Darf man aus dem Park Blumen klauen, um diese seiner Mutter zum Geburtstag zu schenken? Das ist eine der Fragen, mit der sich Ferdinand herumschlagen muss. Rainer Erlinger, bekannt als Verfasser der wöchentlichen Kolumne ‚Gewissensfrage' im Magazin der Süddeutschen Zeitung, führt anhand von Alltagsproblemen Jugendlicher leicht und verständlich in die Ethik ein.
Als promovierter Arzt und Jurist bringt Rainer Erlinger sowohl die nötigen fachlichen Voraussetzungen als auch ein Gespür für realistische und annehmbare Lösungen von moralischen Problemen mit. Nicht ein weltfremder Moralapostel tritt dem Leser gegenüber, sondern eine Person, die mit profundem philosophischen Wissen und vor allem gesundem Menschenverstand Probleme seiner Figuren aufzeigt sowie Lösungsvorschläge anbietet: „Man kann selbst entscheiden, was richtig ist. Sein Leben selbst in die Hand nehmen. Und sehen, wie viel Spaß das macht!"
Ferdinand und seine Schwester Pia zeigen, dass jeder Jugendliche täglich mit einer ganzen Menge von moralischen Problemen konfrontiert wird. Wissen die beiden selbst nicht mehr weiter, kommt der Onkel Gottfried ins Spiel, der zwar auch nicht immer ein Patentrezept zur Hand hat, aber doch richtige Hinweise gibt oder Vorschläge macht. Dabei werden auch die Meinungen von Philosophen erörtert - des Öfteren von Kant , dem „Typ, der Weltmeister darin war, kluge Gedanken möglichst schwer verständlich auszudrücken", wie Ferdinand meint. Der Gebrauchswert des Buches wird dadurch erhöht, dass immer wieder Originalzitate eingefügt werden, außerdem beginnt jedes Kapitel mit Textauszügen von bekannten Jugendbüchern, die zeigen, dass moralische Probleme Jugendlicher schon immer in der Literatur auftauchten.
In elf Kapiteln behandelt der Verfasser solche Fragen wie „Warum man Versprechen halten und nicht lügen sollte", „Warum Höflichkeit und Moral nicht dasselbe sind", Warum soll man sich an Regeln halten" oder „Die Sache mit den Jungs und den Mädchen oder Kann etwas schlecht daran sein, wenn man sich liebt?" Immer gelingt es dem Autor, selbst schwierige Sachverhalte in einer lockeren, gut verständlichen Sprache - die sich allerdings nicht an einen modischen Jugendjargon anbiedert - oft auch auf amüsante Weise dem Leser näher zu bringen.

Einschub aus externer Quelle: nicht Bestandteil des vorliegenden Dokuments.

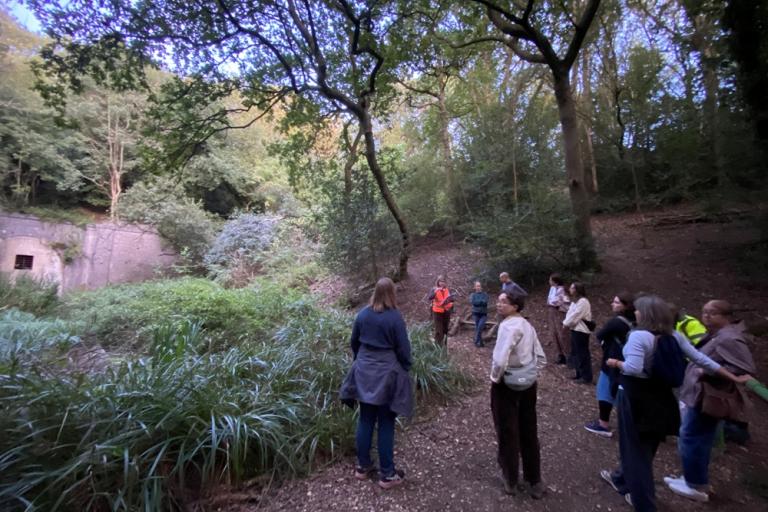 A group of people stand on a woodland path surrounded by mature trees and dense vegetation, listening to a guide in a bright orange high-visibility vest. 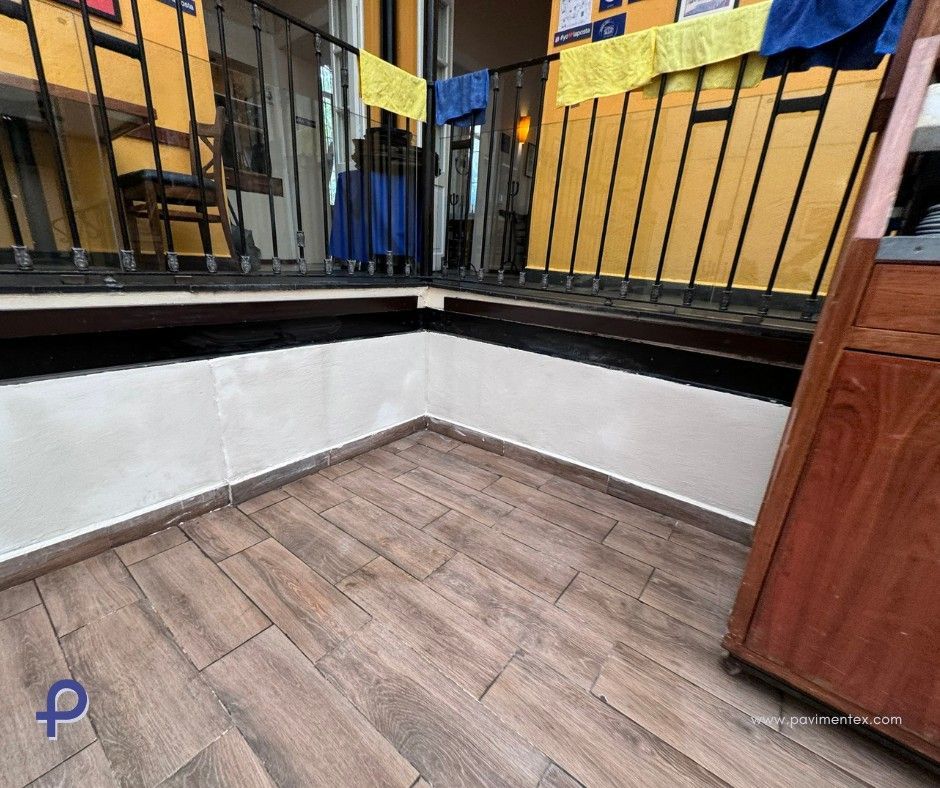 Un balcón con suelo de madera y barandilla metálica.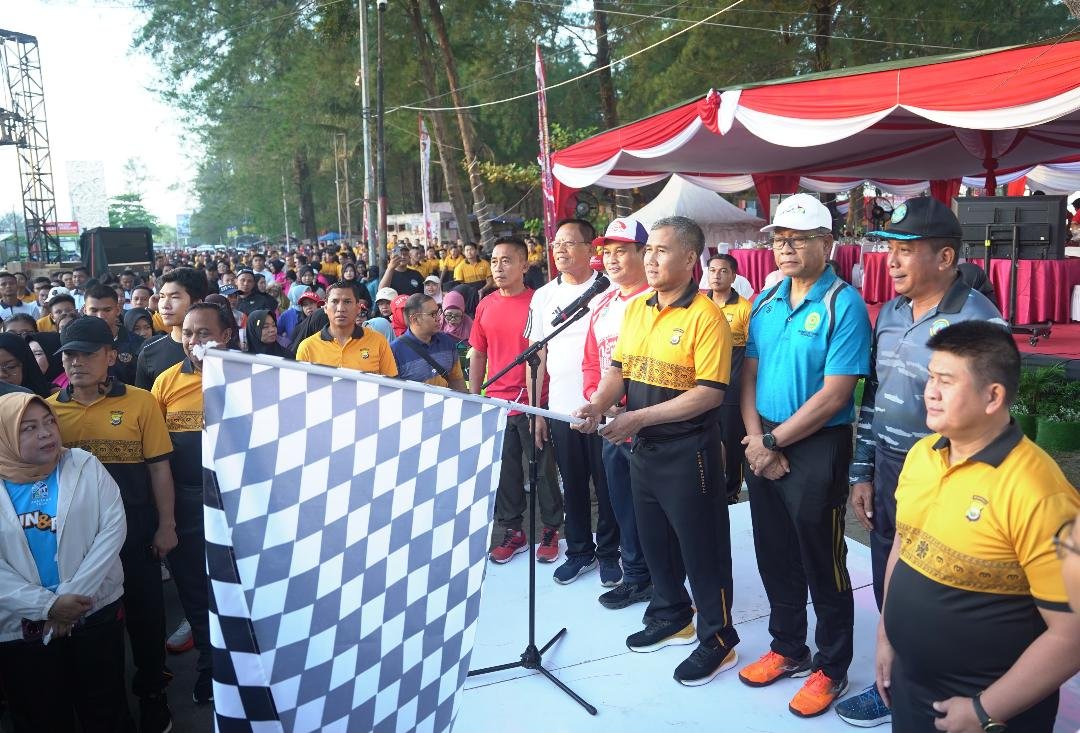 Kapolda Bengkulu Irjen Pol Mardiyono mengangkat bendera melepas peserta jalan sehat HUT Bhayangkara ke-79 di Pantai Panjang, Kota Bengkulu, Minggu 22 Juni 2025.(Foto/Ist)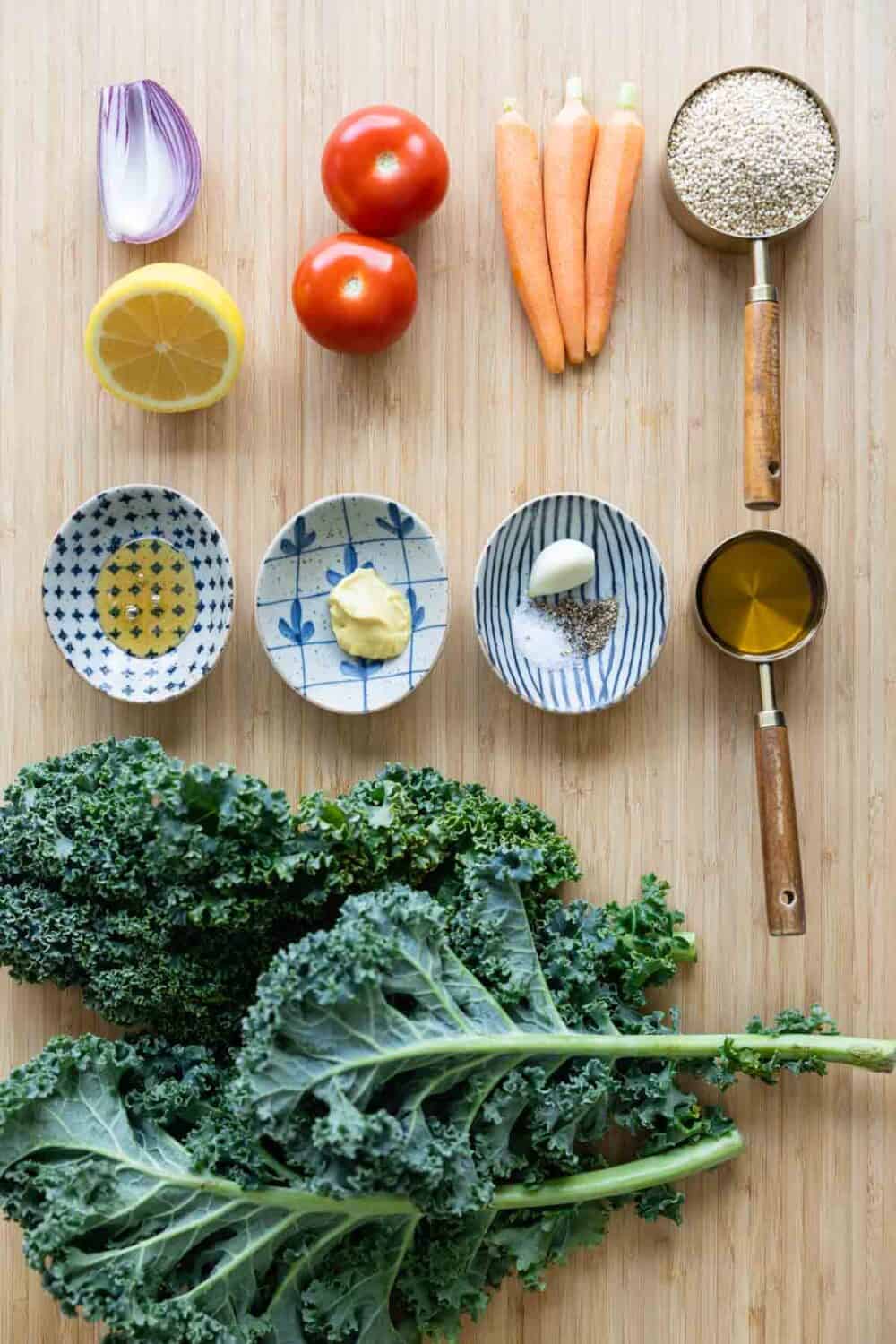 Ingredients for kale quinoa salad laid out on a kitchen counter.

Mir persönlich gefällt das Kapitel „Wahre Helden oder Gibt es etwas, das über den Gesetzen steht" besonders gut, in dem auch mit Antigone und der Weißen Rose gezeigt wird, dass es Grenzen für die Einhaltung von Gesetzen gibt - wenngleich diese oft schwer zu erkennen sind. Einfacher und einleuchtender habe ich eine Rechtfertigung für das Naturrecht und die Menschenrechte noch nirgends gefunden. Ebenso eindringlich ist das Kapitel über die Sexualität, das besonders für Heranwachsende ganz vernünftige Vorschläge enthält.

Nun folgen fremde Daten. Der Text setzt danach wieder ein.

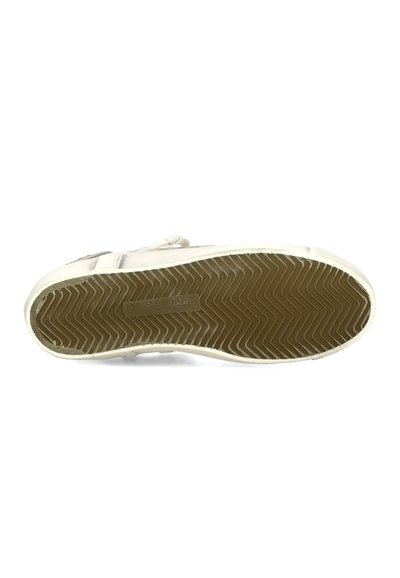 Suela de zapatilla blanca con un patrón de dibujo en zigzag marrón y una etiqueta rectangular de la marca que dice "PHILIPPE MODEL PARIS" en el centro.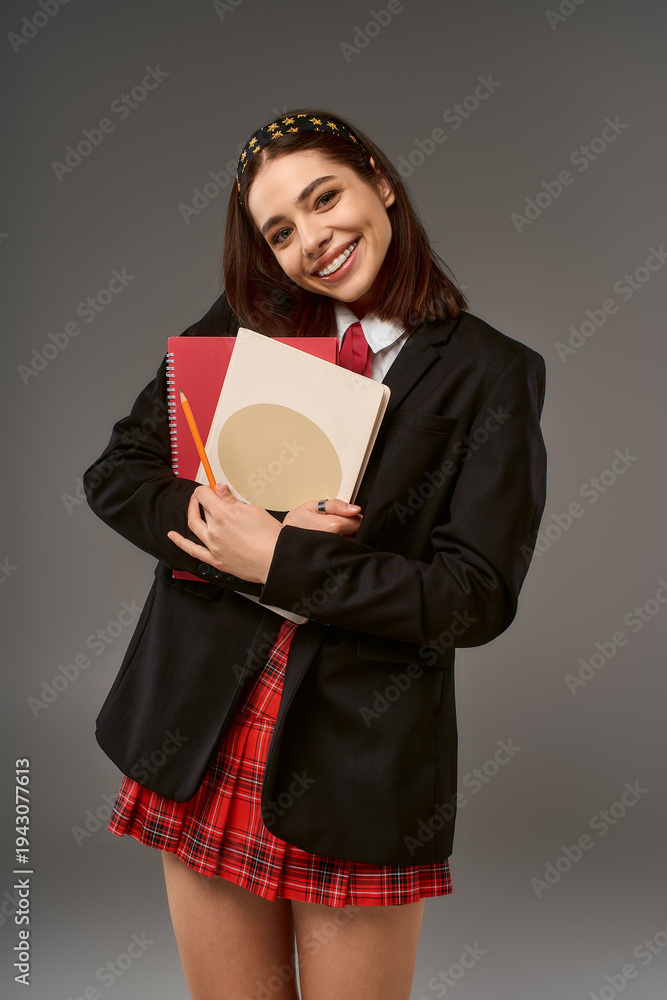 Fototapeta premium Joyful college girl in uniform holding books and smiling in studio setting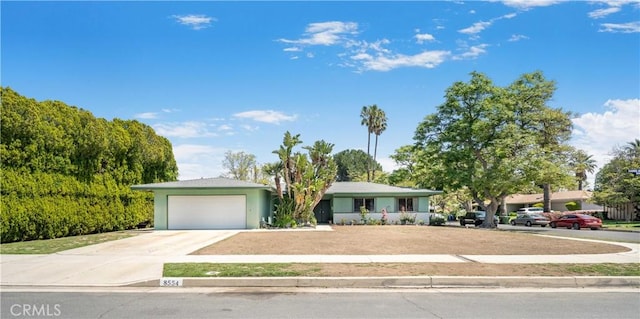 single story home featuring driveway, a garage, and stucco siding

Rainer Erlinger ist es mit seinem Bändchen gelungen, sich lebensnah, verständlich und einfühlsam mit moralischen Alltagsproblemen zu beschäftigen und gleichzeitig eine Einführung in die praktische Ethik zu schreiben. Dieses sehr gelungene Buch ist für Jugendliche sehr zu empfehlen - aber auch für Erwachsene.